[Material provided]
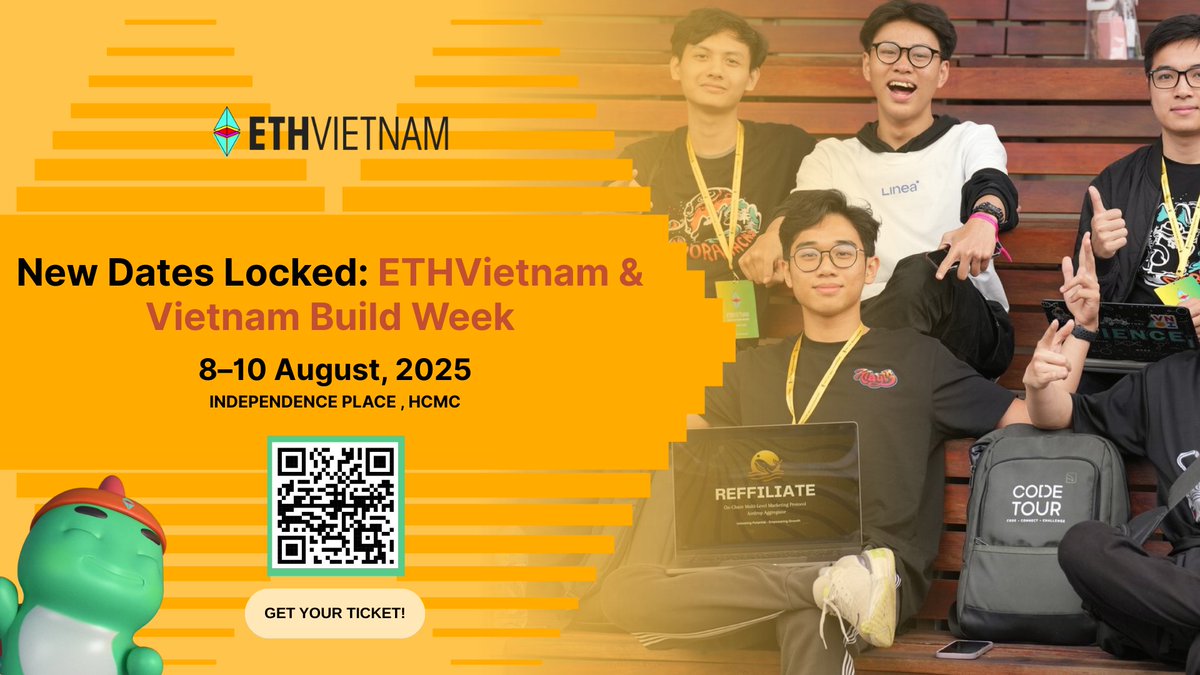 ETH Vietnam ๐ป๐ณ | HO CHI MINH 2025 (@eth_vietnam) on Twitter photo ๐จ ๐๐๐ ๐๐๐๐๐ ๐๐๐๐๐๐: ๐๐๐๐๐๐๐๐๐๐ & ๐๐๐๐๐๐๐ ๐๐๐๐๐ ๐๐๐๐ - ๐-๐๐ ๐๐๐๐๐๐ ๐๐๐๐! ๐๐
Heads up fam - weโre officially rescheduling ETHVietnam 2025 and Vietnam Build Week to line up perfectly with other major Web3 events happening ๐จ ๐๐๐ ๐๐๐๐๐ ๐๐๐๐๐๐: ๐๐๐๐๐๐๐๐๐๐ & ๐๐๐๐๐๐๐ ๐๐๐๐๐ ๐๐๐๐ - ๐-๐๐ ๐๐๐๐๐๐ ๐๐๐๐! ๐๐
Heads up fam - weโre officially rescheduling ETHVietnam 2025 and Vietnam Build Week to line up perfectly with other major Web3 events happening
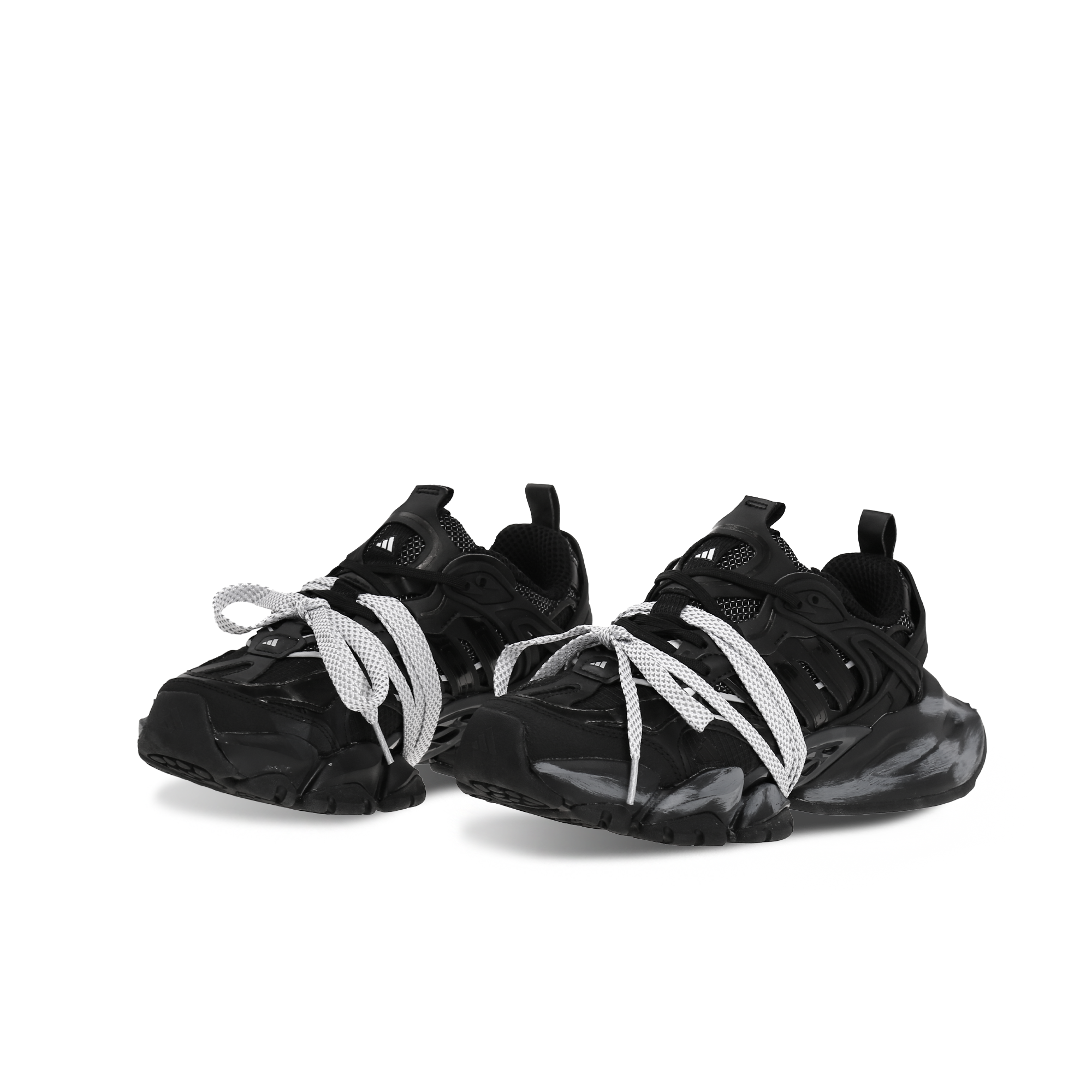 Adidas XLG RUNNER DELUXE Lightweight Low top Running Shoes Unisex Black Gray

[Aim of the task]
What is wanted is a copy of every line in the listing that includes the word "happening".

[Result for this task]
Heads up fam - weโre officially rescheduling ETHVietnam 2025 and Vietnam Build Week to line up perfectly with other major Web3 events happening ๐จ ๐๐๐ ๐๐๐๐๐ ๐๐๐๐๐๐: ๐๐๐๐๐๐๐๐๐๐ & ๐๐๐๐๐๐๐ ๐๐๐๐๐ ๐๐๐๐ - ๐-๐๐ ๐๐๐๐๐๐ ๐๐๐๐! ๐๐
Heads up fam - weโre officially rescheduling ETHVietnam 2025 and Vietnam Build Week to line up perfectly with other major Web3 events happening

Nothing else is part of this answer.